I attended the Stanford Deep Learning School in the summer of 2016. During a break, I had a chance to chat with one of the speakers, Hugo Larochelle, and I asked him why I never hear about deep learning regression. He said maybe strongly varying errors cause problems during back-propagation, making it not work very well. Given the context, I was surprised he didn’t jump to the defense of deep learning.

I’m starting to think it just doesn’t work. Despite a broad hyper-parameter search, I’m still having poor luck on the multivariate interaction synthetic data. The MAE I get from the neural network (both in-sample and out-of-sample) is an order of magnitude larger than the out-of-sample MAE of XGBoost.

Universal Approximators

Hornik, Tinchcombe, and White (1989) showed that multilayer feedforward networks are capable of approximating any function to any desired degree of accuracy. “This implies that any lack of success in applications must arise from inadequate learning, insufficient numbers of hidden units or the lack of a deterministic relationship between input and target.”

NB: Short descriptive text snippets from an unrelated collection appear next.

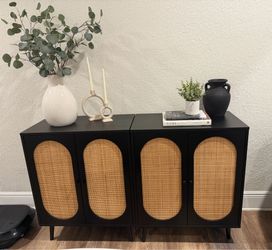 Modern Black Cane Accent Cabinets – Matching Set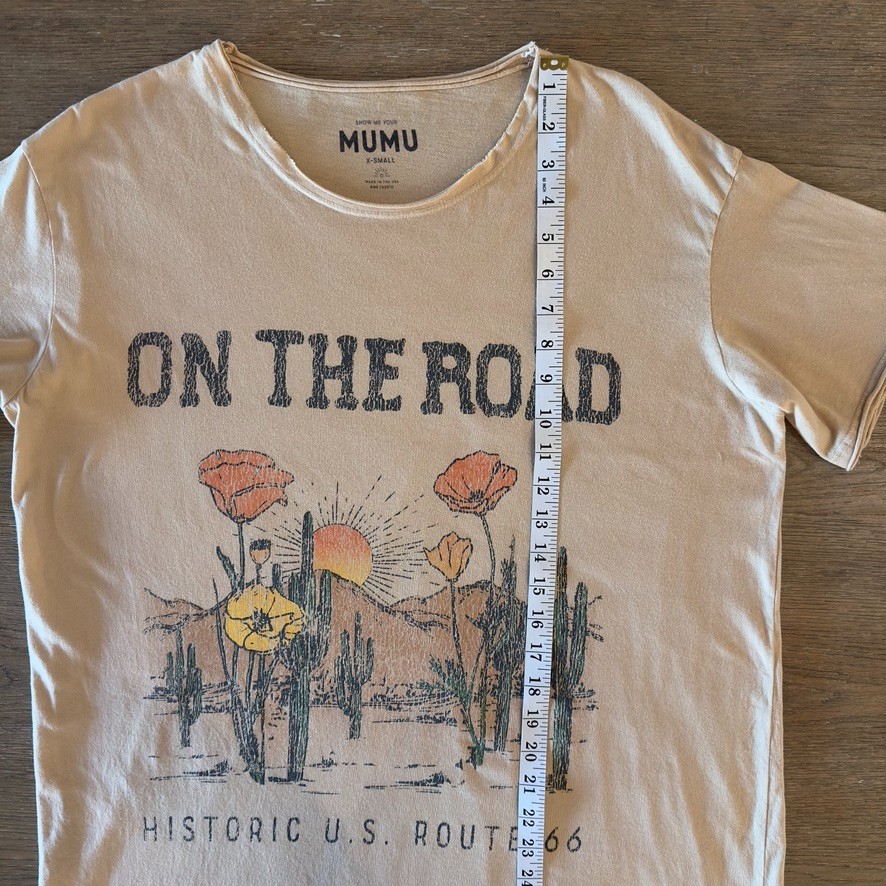 ✈️ Show Me Your Mumu-“On the Road” Airport Tee-Route 66-Festival Boho Top-Sze XS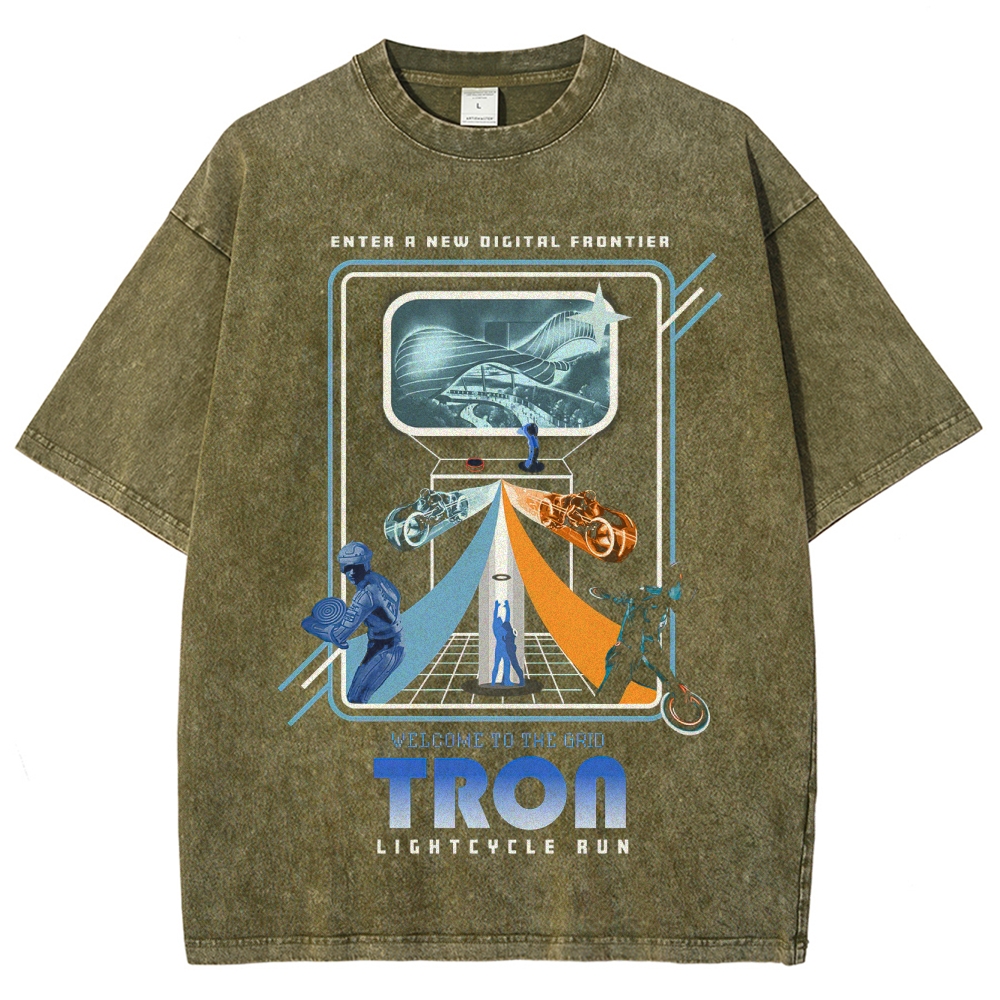Sci-Fi Digital World Graphic Retro Washed T-Shirt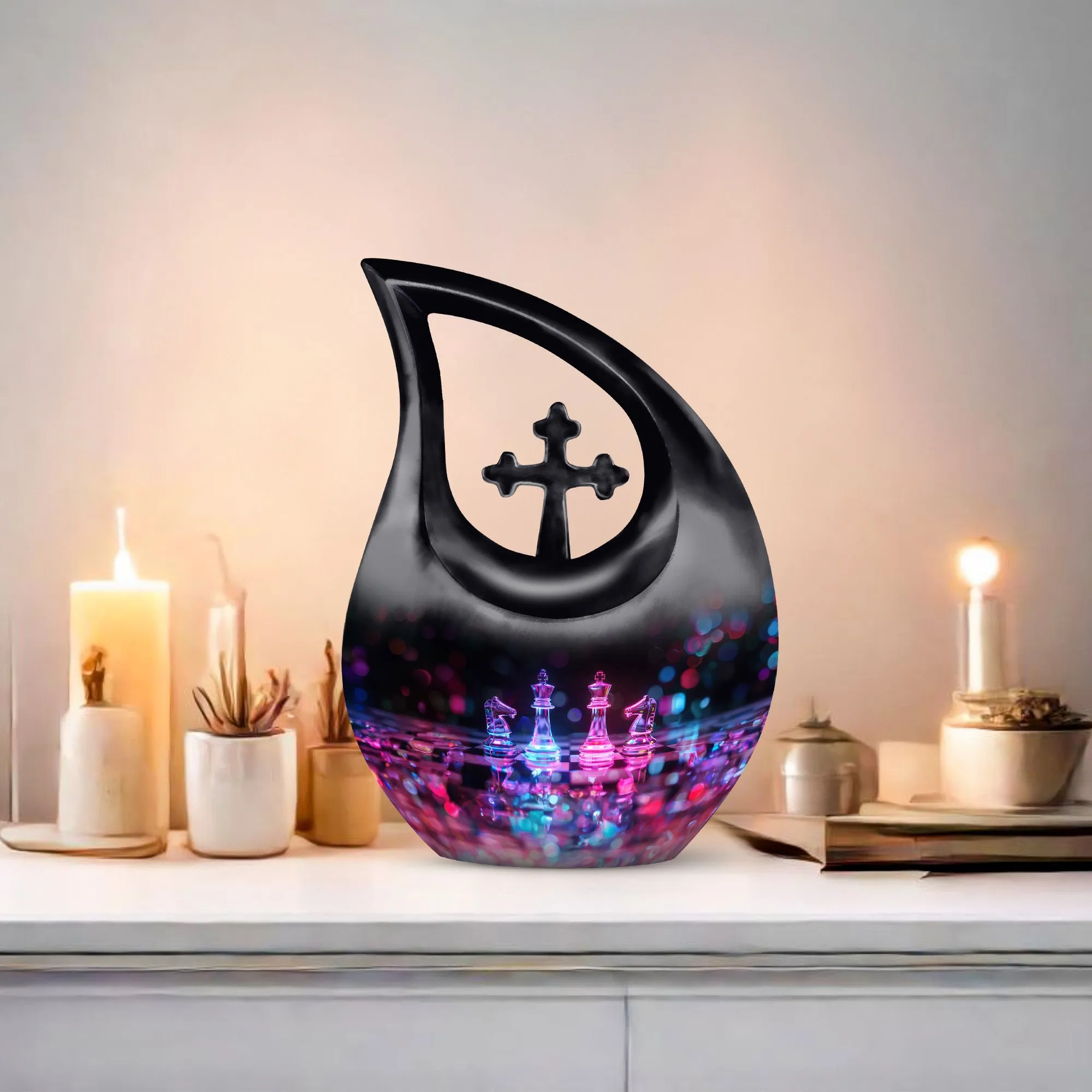 Chess Urn-  Personalized Small Cremation Urn For Human Ashes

The synthetic data certainly is certainly deterministic, and I’ve experimented with far more nodes and layers than I imagine would be sufficient. So, the learning must be inadequate in some way. It isn’t that the data has too much noise, because I get bad results even with the noise removed. When looking at a histogram of output predictions, it seems nearly all of them have the same value. So, this is likely an indication of network saturation.

PyTorch Code

import torch
import torch.nn as nn
from machine_learning.generate_data import multivariate_interaction

device = "cuda" if torch.cuda.is_available() else "cpu"

class Net(nn.Module):
    def __init__(self, options):
        super(Net, self).__init__()
        bias = True
        
        self.layers = nn.Sequential()
        for i in range(options['layers']):
            if i == 0:
                inputs = options['inputs']
            else:
                inputs = options['nodes']
            layer = nn.Linear(inputs, options['nodes'], bias)
            nn.init.normal_(layer.weight, mean=0.0, std=options['stdev'])
            self.layers.append(layer)
            eval('self.layers.append(nn.%s())' % options['activation'])
        
        self.layers.append(nn.Linear(options['nodes'], 1, bias))
    
    def forward(self, X):
        X = self.layers(X)
        return X

options = {}
options['inputs'] = 9
options['layers'] = 40 # tried lots of values
options['nodes'] = 200 # tried lots of values
options['activation'] = 'Tanh' # also tried: Sigmoid, ReLU, ELU, LeakyReLU
options['stdev'] = 0.01 # tried lots of values
options['init'] = 'normal_' # also tried: uniform_, xavier_uniform_

net = Net(options).to(device)

optimizer = torch.optim.SGD(net.parameters(), lr=0.01)
# also tried: Adam, Adadelta, AdamW, Adamax, ASGD, LBFGS,
#             NAdam, RAdam, RMSprop, Rprop

loss_func = nn.L1Loss() # also tried MSELoss

# generate synthetic data
m = 524288
data = multivariate_interaction(m)

X = torch.tensor(data['X_train'], dtype=torch.float).to(device)
y = torch.tensor(data['y_train'], dtype=torch.float).unsqueeze(1).to(device)

last_loss = 1e6
while True:
    pred = net(X)
    loss_ = loss_func(pred, y)
    loss = float(loss_)
    print(loss)
    if loss > last_loss:
        optimizer.param_groups[0]['lr'] /= 2 # reduce learning rate
        print('lr = %0.4f' % optimizer.param_groups[0]['lr'])
    last_loss = loss
    optimizer.zero_grad()   # clear gradients for next train
    loss_.backward()        # backpropagation, compute gradients
    optimizer.step()        # apply gradients

Conclusion

Neural network regression either doesn’t work in practice, or else requires black magic tuning that I haven’t figured out yet. Perhaps the answer is that I need a ridiculously large network, in which case both training and inference will take an unreasonable amount of time for trading applications. I will continue to study the saturation issue, but perhaps there is a reason I’m having trouble finding nontrivial internet examples that use regression instead of classification.

Update: Ayush Gupta appears to have had similar troubles with deep learning regression.